Fiction Depiction of Slavery

by Riveroflifelisajoy

Rev. Wright! PLEASE STOP TALKING!****(((((who is Rev. Wright???)))))*****—reflections on Rev. Wright and his ONE MAN ASSUALT ON THE OMBAMA CAMPAIGN

Poor Obama.  If Obama did have a chance at the White House as the first black president….We all know who does not want that to happen…..Rev.  Wright!

   It would seem that Rev.  Wright more than Hillary Clinton,  or the Republican party or even Pat Buchanan for that matter  does not want Obama to become the first black American president of the United States! 

  But why Rev.  Wright?  What did Obama do to deserve this apparently dilberate assualt on the minds, and mentality of the American public…black or white? 

You, Rev.  Wright keep spouting irrational statements about the black church in America. 

 You have disrespected the very memory of Dr.  Martin Luther King. 

 It is shameful,  and humilitating to me as an American.  

 Rev. Wright…you  continously bring yourself into the spotlight for no reason at all. 

Even Al Sharpton is more controled than that. 

 Please,  members of Mr. Rev. Wrights congregation, talk to him.  Reason with the Rev. Wright….even if Obama decided to walk away from the fight with the Clinton Team in defeat…do you have to make Obama walk away in shame? 

Why should Obama have to walk away unable to hold up his head to battle forward for the rights and the new changes that he was attempting to bring to America as a country?  

 Even Obama’s mother who was an anthropologist would have disagreedwith the negative division that Rev.  Wright is throwing  into the Democratice race toward the White House.

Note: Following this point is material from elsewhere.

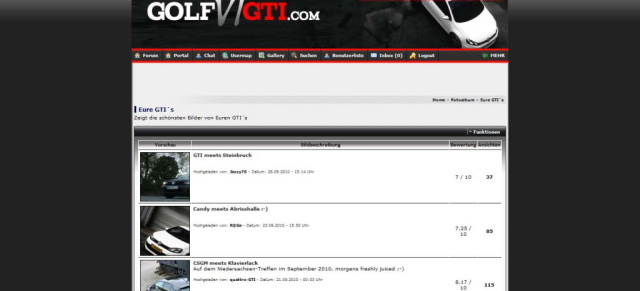 Forumsvorstellung: GolfVIGTI.com: Das spezielle Golf 6 GTI Forum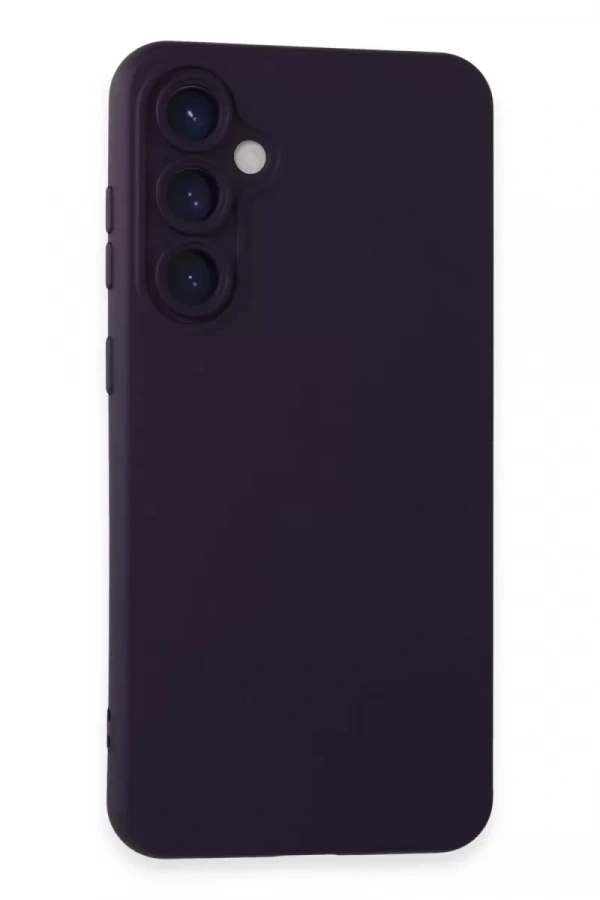 Samsung Galaxy S23 FE Kılıf Nano içi Kadife Silikon - Mor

  Where was Rev.  Wright years ago?  Why does he continue to trash the Obama campaign? 

*********** Is Rev. Wright being paid to talk, and talk, and talk and say things that are out of character for Obama?  So strange….so very strange and so very, very sad. 

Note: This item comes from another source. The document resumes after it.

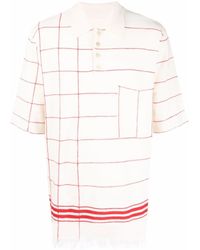 Maison Margiela - Striped Polo Shirt - Lyst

 Whatever Obama’s message ….it is getting trampled by the talkative Rev.  Wright. 

—riveroflifelisajoy

Pat Buchanan–“Did he state that Black Americans should be Thankful for Slavery?—What Year is this Again? 2008?!!”

 

 QUOTED FROM E.POLITICS.COM… REGARDING REMARKS OF PAT BUCHANAN

“America has been the best country on earth for black folks. It was here that 600,000 black people, brought from Africa in slave ships, grew into a community of 40 million, were introduced to Christian salvation, and reached the greatest levels of freedom and prosperity blacks have ever known. “

I DO NOT GENERALLY TAKE OTHER WRITS ON THE INTERNET—BUT THIS STRUCK ME SO HARD THAT I HAD TO GIVE MR.  COLIN DELANY ANOTHER  AREA IN WHICH TO VENT.  IT WOULD APPEAR THAT MR. PAT BUCHANAN SEEMS TO FEEL THAT PEOPLE OF THE AFRICAN AMERICAN HERITAGE ARE TO BE THANKFUL FOR THE “BENEFITS” OF SLAVERY IN AMERICA.  

I RECENTLY VIEWED THE MOVIE  “AMAZING GRACE”, AN HISTORIC MOVIE ABOUT THE BATTLE HELD IN ENGLAND BY WILLIAM WILLBERFORCE,  A MERCHANT WHO BEING IN POLITICS AT THE TIME FOUGHT AGAINST SLAVERY, HAVING BEEN INFLUENCED BY HIS PASTOR, JOHN NEWTON, ( A REFORMED  SLAVE TRADER WHO WROTE THE FAMED “AMAZING GRACE” HYM THAT EVERYONE TAKES FOR GRANTED). 

 THE EVENT TOOK PLACE, ACCORDING TO THE MOVIE REVIEW WRITTEN BY REV. BRYAN GRIEM “OVER TWO CENTURIES” AGO–DURING THE TIME BETWEEN THE AMERICAN REVOLUTION AT THE END  OF THE THE FRENCH REVOLUTION.” (1 MOVIE REVIEW- CHRISTIAN SPOLIGHT.COM)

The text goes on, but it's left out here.